#### [EXERCISE DESCRIPTION]
Your reply should repeat all records verbatim and contain no images.

#### [INPUT]
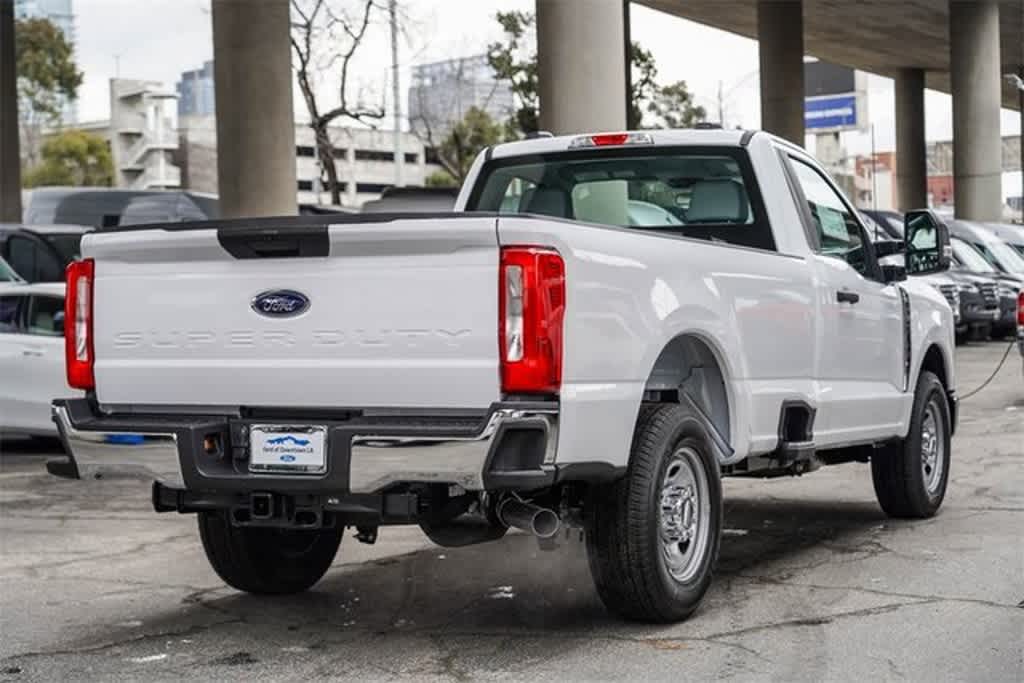 2024 Ford F-350 XL 5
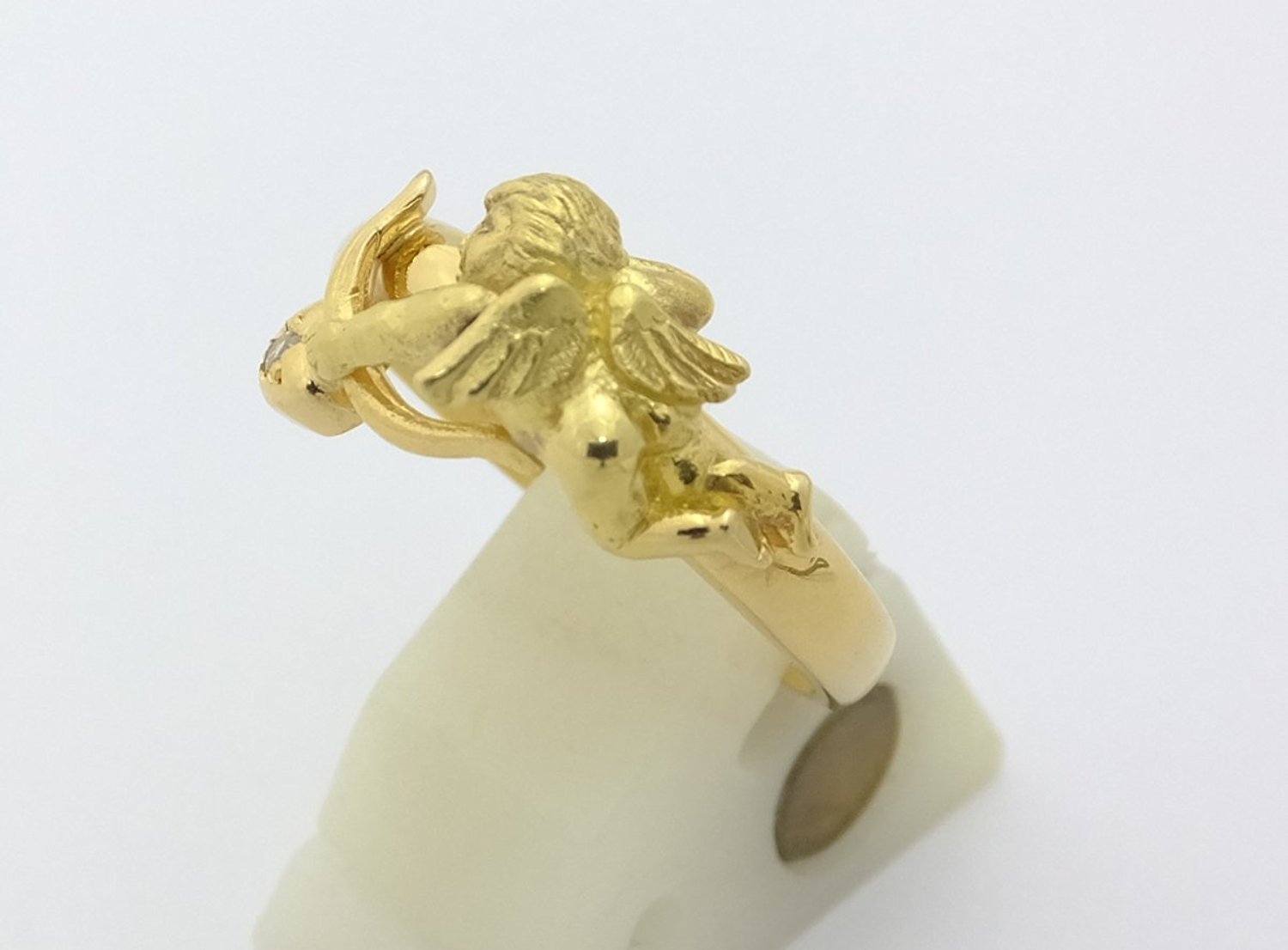 18金（K18）イエローゴールド　ダイヤ入り「天使」　デザインリング　指輪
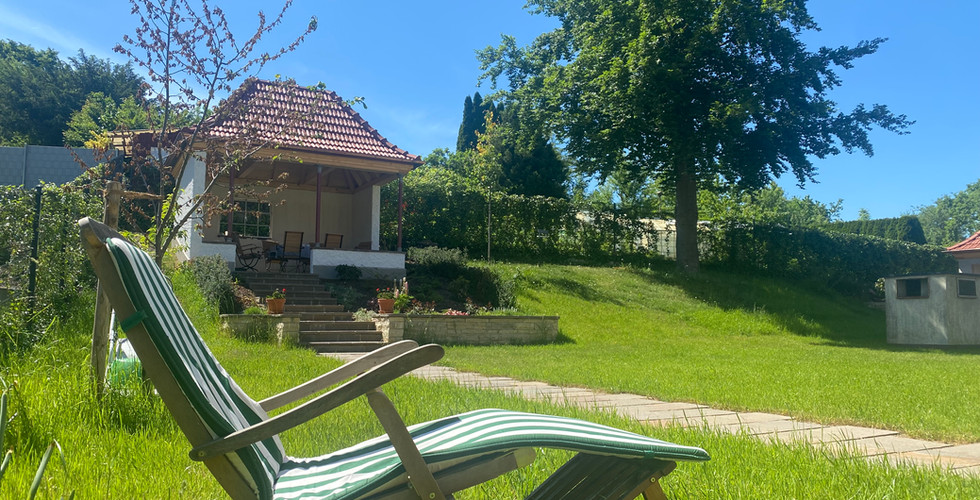Relaxen im Amtsgarten Verstärkeramt Pfaffenhofen Den Sommer im LIegestuhl im Garten genießen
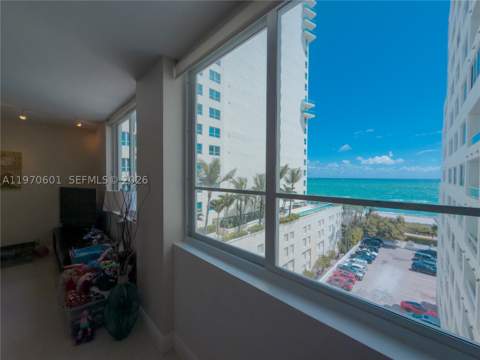 5005 Collins Ave 825, Miami Beach FL - photo 16 of 46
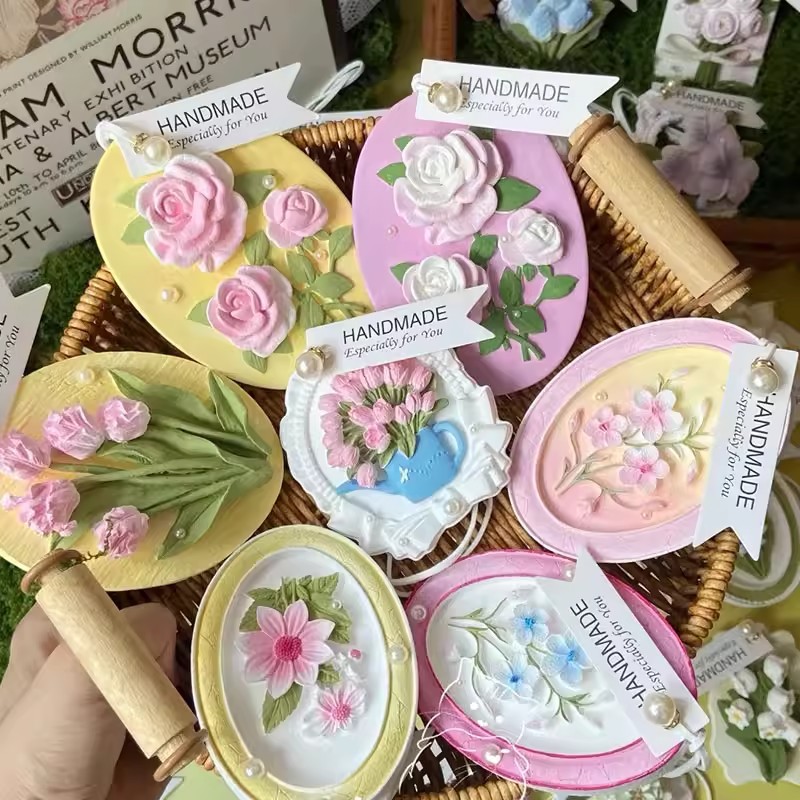 Tulip Flower Plaster Doll Coloring Blank Graffiti 3D Relief Painting DIY Creative Craft Team Building Activity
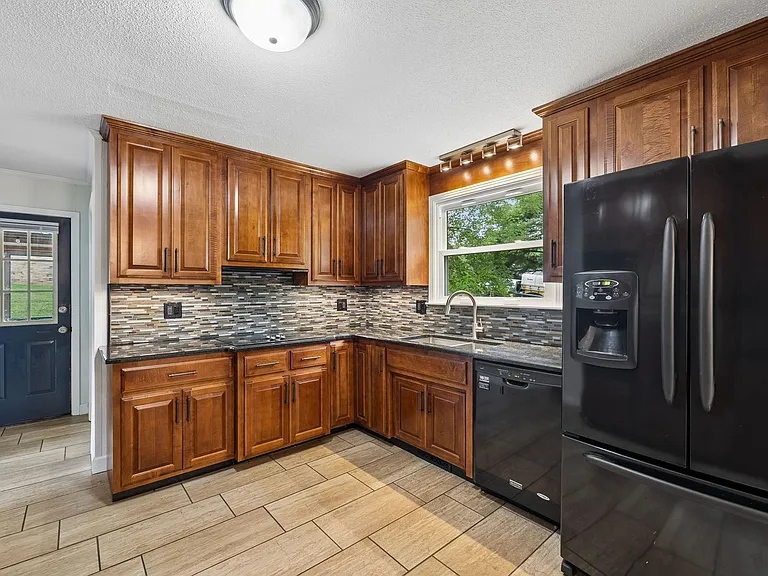 1810 Theresa Dr — Photo 19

#### [TASK RESPONSE]
 2024 Ford F-350 XL 5
 18金（K18）イエローゴールド　ダイヤ入り「天使」　デザインリング　指輪
Relaxen im Amtsgarten Verstärkeramt Pfaffenhofen Den Sommer im LIegestuhl im Garten genießen
 5005 Collins Ave 825, Miami Beach FL - photo 16 of 46
 Tulip Flower Plaster Doll Coloring Blank Graffiti 3D Relief Painting DIY Creative Craft Team Building Activity
 1810 Theresa Dr — Photo 19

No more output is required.